Prime Minister Narendra Modi’s aircraft won’t fly over Pakistan on its way to Bishkek in Kyrgyzstan for regional meet SCO that starts tomorrow, the foreign ministry said today. This is widely seen as a snub to Pakistan days after reports suggested its government had “decided in principle” to allow PM Modi’s plane to fly over its airspace.
In response to questions on the route the Prime Minister would take, a foreign ministry spokesperson said: “The government of India had explored two options for the route to be taken by the VVIP Aircraft to Bishkek. A decision has now been taken that the VVIP Aircraft will fly via Oman, Iran and Central Asian countries on the way to Bishkek.”
Pakistan had closed its airspace on February 26 after Indian Air Force (IAF) planes bombed a Jaish-e-Mohammed (JeM) terror camp in Balakot. Since then, it has only opened two of 11 routes, both through southern Pakistan.

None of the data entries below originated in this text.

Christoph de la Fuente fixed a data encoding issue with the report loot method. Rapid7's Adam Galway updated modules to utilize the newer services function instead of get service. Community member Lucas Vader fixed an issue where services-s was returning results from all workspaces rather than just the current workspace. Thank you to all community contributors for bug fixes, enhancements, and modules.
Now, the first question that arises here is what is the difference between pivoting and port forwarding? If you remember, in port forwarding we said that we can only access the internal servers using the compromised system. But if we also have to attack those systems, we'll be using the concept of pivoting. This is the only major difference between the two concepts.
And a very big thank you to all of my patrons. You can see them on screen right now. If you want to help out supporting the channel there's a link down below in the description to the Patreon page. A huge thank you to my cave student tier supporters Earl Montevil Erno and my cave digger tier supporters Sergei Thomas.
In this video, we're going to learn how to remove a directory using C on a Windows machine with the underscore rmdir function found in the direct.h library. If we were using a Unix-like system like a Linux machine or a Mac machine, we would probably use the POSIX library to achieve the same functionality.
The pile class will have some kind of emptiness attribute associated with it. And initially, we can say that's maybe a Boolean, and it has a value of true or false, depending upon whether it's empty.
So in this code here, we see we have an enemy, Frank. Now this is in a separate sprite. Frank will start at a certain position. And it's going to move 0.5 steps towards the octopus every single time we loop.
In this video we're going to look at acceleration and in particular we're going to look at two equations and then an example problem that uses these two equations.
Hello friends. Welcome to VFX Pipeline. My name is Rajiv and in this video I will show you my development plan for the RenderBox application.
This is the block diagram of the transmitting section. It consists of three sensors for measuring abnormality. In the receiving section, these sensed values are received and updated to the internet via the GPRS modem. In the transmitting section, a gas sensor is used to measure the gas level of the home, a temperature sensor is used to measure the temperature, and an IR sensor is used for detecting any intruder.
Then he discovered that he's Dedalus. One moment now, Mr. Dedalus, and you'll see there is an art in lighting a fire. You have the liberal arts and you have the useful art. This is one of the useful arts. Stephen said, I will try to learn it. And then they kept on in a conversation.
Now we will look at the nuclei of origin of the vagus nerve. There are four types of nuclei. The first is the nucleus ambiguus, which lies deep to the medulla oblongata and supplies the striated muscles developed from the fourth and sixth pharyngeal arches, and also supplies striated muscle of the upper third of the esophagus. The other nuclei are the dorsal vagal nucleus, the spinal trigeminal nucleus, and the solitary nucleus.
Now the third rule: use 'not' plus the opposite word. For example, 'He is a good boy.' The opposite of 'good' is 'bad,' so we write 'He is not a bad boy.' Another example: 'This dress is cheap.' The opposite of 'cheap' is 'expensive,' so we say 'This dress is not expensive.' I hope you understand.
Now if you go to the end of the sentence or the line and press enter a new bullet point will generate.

News agency Press Trust of India had reported that India had requested Pakistan to let PM Modi’s aircraft fly over its airspace on its way to Bishkek for the two-day SCO or Shanghai Cooperation Organisation meet.
Pakistan had decided to allow it, PTI reported on Monday, quoting an unnamed official as saying that the Imran Khan government had “approved in principle” the Indian government’s request to let PM Modi’s aircraft fly over the Pakistani airspace.
“The Indian government will be conveyed about the decision once the procedural formalities are completed. The Civil Aviation Authority (CAA) will also be directed to notify the airmen subsequently,” the official said, according to PTI. The official was also quoted as saying that Pakistan “was hopeful that India would respond to its offer for peace dialogue”.
Foreign ministry spokesperson Raveesh Kumar says no bilateral meeting has been arranged between PM Modi and his Pakistani counterpart Imran Khan, who will also attend the meet.
Pakistan had given special permission to Sushma Swaraj, who was foreign minister in the previous Modi government, to fly directly through the Pakistani airspace to attend the SCO Foreign Ministers” meet in Bishkek on May 21.
Apart from two routes, Pakistan’s airspace remains closed for commercial airliners.
The Indian Air Force announced on May 31 that all temporary restrictions on the Indian airspace after the Balakot airstrike had been removed. However, it is unlikely to benefit any commercial airliners unless Pakistan reciprocates and opens its complete airspace.
International operations of Air India and IndiGo have been affected by the closure of Pakistani airspace.
Pakistan extended its partial airspace ban on eastern border with India until June 14.